问题
Java's present memory model guarantees that if the only reference to an object "George" is stored into a final field of some other object "Joe", and neither George nor Joe have never been seen by any other thread, all operations upon George which were performed before the store will be seen by all threads as having been performed before the store. This works out very nicely in cases where it makes sense to store into a final field a reference to an object which will never be mutated after that.
Is there any efficient way of achieving such semantics in cases where an object of mutable type is supposed to be lazily created (sometime after the owning object's constructor has finished execution)? Consider the fairly simple class ArrayThing which encapsulates an immutable array, but it offers a method (three versions with the same nominal purpose) to return the sum of all elements prior to a specified one. For purposes of this example, assume that many instances will be constructed without ever using that method, but on instances where that method is used, it will be used a lot; consequently, it's not worthwhile to precompute the sums when every instance of ArrayThing is constructed, but it is worthwhile to cache them.
class ArrayThing {
final int[] mainArray;
ArrayThing(int[] initialContents) {
mainArray = (int[])initialContents.clone();
}
public int getElementAt(int index) {
return mainArray[index];
}
int[] makeNewSumsArray() {
int[] temp = new int[mainArray.length+1];
int sum=0;
for (int i=0; i<mainArray.length; i++) {
temp[i] = sum;
sum += mainArray[i];
}
temp[i] = sum;
return temp;
}
// Unsafe version (a thread could be seen as setting sumOfPrevElements1
// before it's seen as populating array).
int[] sumOfPrevElements1;
public int getSumOfElementsBefore_v1(int index) {
int[] localElements = sumOfPrevElements1;
if (localElements == null) {
localElements = makeNewSumsArray();
sumOfPrevElements1 = localElements;
}
return localElements[index];
}
static class Holder {
public final int[] it;
public Holder(int[] dat) { it = dat; }
}
// Safe version, but slower to read (adds another level of indirection
// but no thread can possibly see a write to sumOfPreviousElements2
// before the final field and the underlying array have been written.
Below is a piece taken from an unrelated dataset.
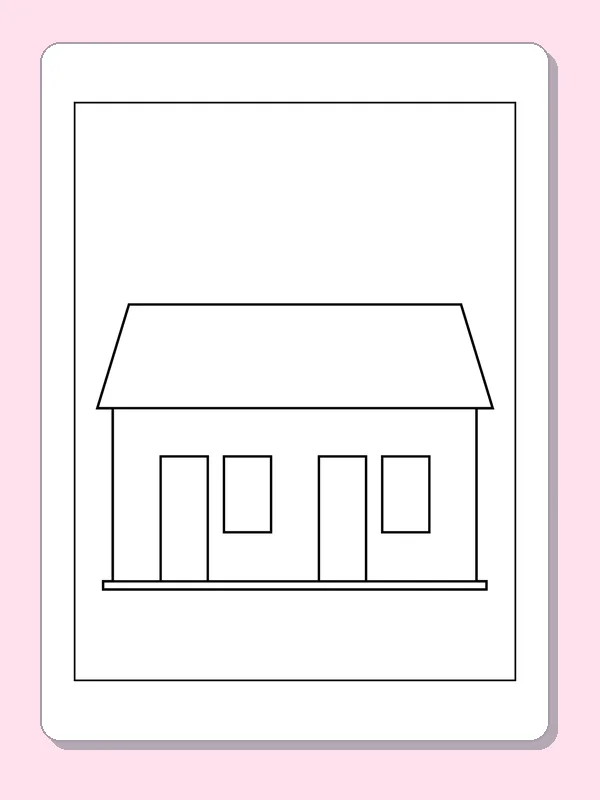 Long Home beneath a Low Roof coloring page: black and white line art to print or color online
Holder sumOfPrevElements2;
public int getSumOfElementsBefore_v2(int index) {
Holder localElements = sumOfPrevElements2;
if (localElements == null) {
localElements = new Holder(makeNewSumsArray());
sumOfPrevElements2 = localElements;
}
return localElements.it[index];
}
// Safe version, I think; but no penalty on reading speed.
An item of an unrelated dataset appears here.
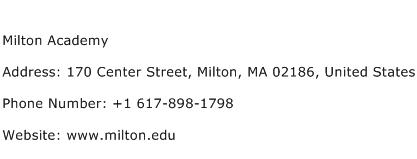 Milton Academy Address Contact Number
// Before storing the reference to the new array, however, it
// creates a temporary object which is almost immediately
// discarded; that seems rather hokey.
int[] sumOfPrevElements3;
public int getSumOfElementsBefore_v3(int index) {
int[] localElements = sumOfPrevElements3;
if (localElements == null) {
localElements = (new Holder(makeNewSumsArray())).it;
sumOfPrevElements3 = localElements;
}
return localElements[index];
}
}
As with the String#hashCode() method, it is possible that two or more threads might see that a computation hasn't been performed, decide to perform it, and store the result. Since all threads would end up producing identical results, that wouldn't be an issue. With getSumOfElementsBefore_v1(), however, there is a different problem: Java could re-order program execution so the array reference gets written to sumOfPrevElements1 before all the elements of the array have been written. Another thread which called getSumOfElementsBefore() at that moment could see that the array wasn't null, and then proceed to read an array element which hadn't yet been written. Oops.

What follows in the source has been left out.